Tuesday, January 12, 2021

A Covidious Playlist

I give you a covidious playlist, a soundtrack for life in a covidious time. Music, as ever, is a comfort suite or, as per the pandemic dictionary, a support bubble, I trust this playlist could be yours. (spotify version)

Don't Stand So Close To Me by Sting, The Roots and Jimmy Fallon


This self-isolating Zoom remix of The Police's timely message nicely sets the tone. It's a tune I had in my head the last time I was in line in a grocery store in Austin back in March. I suppose I was early to wearing masks but I had fair warning of the danger. By the second week of February, the servers at the Chinese restaurant that my work colleagues preferred were all wearing gloves and masks. Also, I am married to a historian of science who teaches the history of disease and whose friends all work in Centers for Disease Controls all over the world; they were all crying Cassandra in February. I was early to despair but it appears that many others are still debating the point.

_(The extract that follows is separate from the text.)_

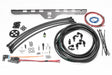 Radium Engineering - Radium Engineering BMW E46 Excl Convertible Fuel Surge Tank Install Kit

U Can't Touch This by MC Hammer


The album was titled Please Hammer Don't Hurt 'Em. Doing a spot of long delayed covidious spring cleaning, I came across a pair of baggy trousers that aided my running man histrionics circa 1989-1990. A friend also blackmailed me with a 3 second clip of the kind of youthful indiscretion that you are wont to get into at boarding school. The virus has made us all untouchable.

Close to You by Maxi Priest


Maxi gets to the heart of the business, the frustration felt by many separated from their loved ones. I miss all of you.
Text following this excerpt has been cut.